USE OF THIS MATERIAL AND DISCLAIMER: Please note that the COVID-19 situation is evolving and the following information may change daily. This material is provided as general guidance and only for informational purposes and is not intended for prevention, diagnosis, or treatment purposes nor a substitute for professional medical advice. Medical guidance and treatment decisions should always be determined by a licensed healthcare professional.
Q: Should I visit the doctor right now?
There are a variety of factors to look at as you weigh the benefits of visiting your doctor and the health risks of COVID-19. The goal is to keep people healthy, so please talk to your doctor and consider current CDC and local public health official guidelines to determine if you should visit your doctor.
Q: What if my clinic is closed?
Stay connected with your doctor’s office so you can schedule a time to talk about the next step in your treatment journey. You can call the office directly or check the clinic’s website, social media, or patient portal for options to visit your doctor without going to the office. Many healthcare providers are offering remote visits through telehealth instead of an in-person office visit.1
Q: When will my clinic reopen?
Each clinic will make this decision individually, following guidance from their state and local governments. It is difficult to predict when any one clinic will reopen. Keep in touch with your doctor’s office by phone, the clinic’s website, or social media to learn about new precautionary measures or resources available to you.
Q: My clinic is open. What should I do now?

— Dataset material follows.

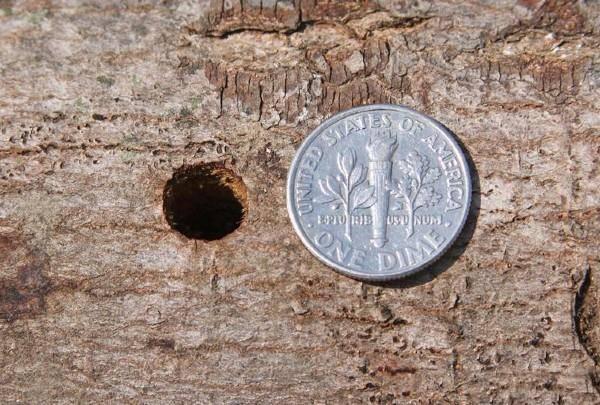 asian longhorned beetle hole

You can call your clinic to discuss your condition and healthcare needs. Many clinics have dedicated hotlines or nurse advice lines to help you decide if and when to be seen. You can also check your clinic’s website.
Q: What precautions can help reduce my risk of exposure during office visits?

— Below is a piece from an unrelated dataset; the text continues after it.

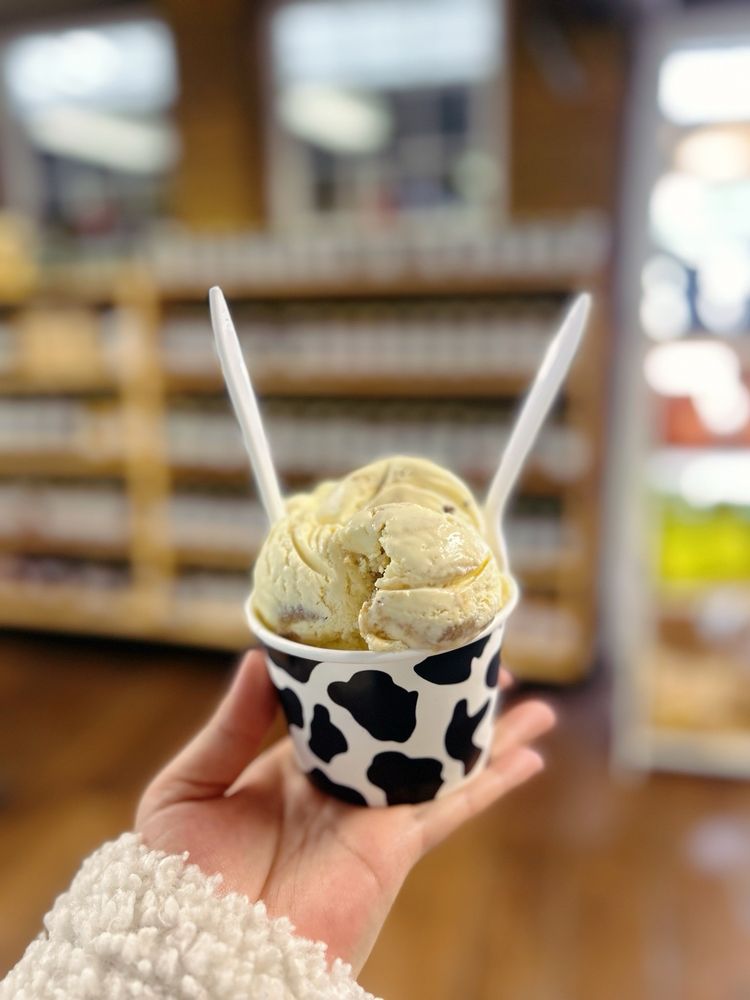 Crystal Springs Creamery Logo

Here are seven precautions that your healthcare provider may have in place to help reduce your risk of exposure during an office visit. Ask your healthcare provider if they are following any of these or other precautions:
- Separating COVID-19 and non-COVID-19 patients by location, scheduling, or staff
- Screening patients upon arrival, before they enter the facility
- Testing patients before they arrive for elective procedures
- Masks for all patients and appropriate personal protective equipment (PPE) for staff
- Sanitizing public spaces continuously
- Social distancing, especially in the reception area
- Alternatives to office visits: curbside or drive-through visits, house visits, and telehealth
Q: What if I am in a high-risk group?
According to the CDC, some people have a higher risk of developing severe COVID-19 symptoms that may require hospitalization.2
These “high-risk groups” include people 65 years and older, people who live in a nursing home or long-term care facility, and people with cardiovascular disease, diabetes, hypertension, severe obesity, chronic respiratory disease, or cancer.1,2
You may also be in a high-risk group if you have a condition that weakens your immune system, including renal failure, liver disease, bone marrow or organ transplants, immune deficiencies, poorly controlled HIV or AIDS, and long-term use of corticosteroids and other immune-weakening medications.2
However, information about COVID-19 changes frequently. It is important to talk to your doctor to decide if you should be seen in person. (Remember, telehealth may be an option too.) If you need to be seen, follow your clinic’s instructions and CDC guidelines to reduce the risk of exposure.
Q. If my doctor wants to see me in person, should I wear a mask or face cover?
Yes. Wear a cloth face cover when you go out in public to help protect other people in case you are infected.3,4 Note that current CDC guidelines say cloth face coverings should not be placed on children under age two or anyone who has trouble breathing, or is unconscious, incapacitated, or otherwise unable to remove the mask without assistance.4
Please refer to current guidance from the Centers for Disease Control and Prevention (CDC), World Health Organization (WHO), and relevant federal, state, and local authorities and local public health officials for the latest information.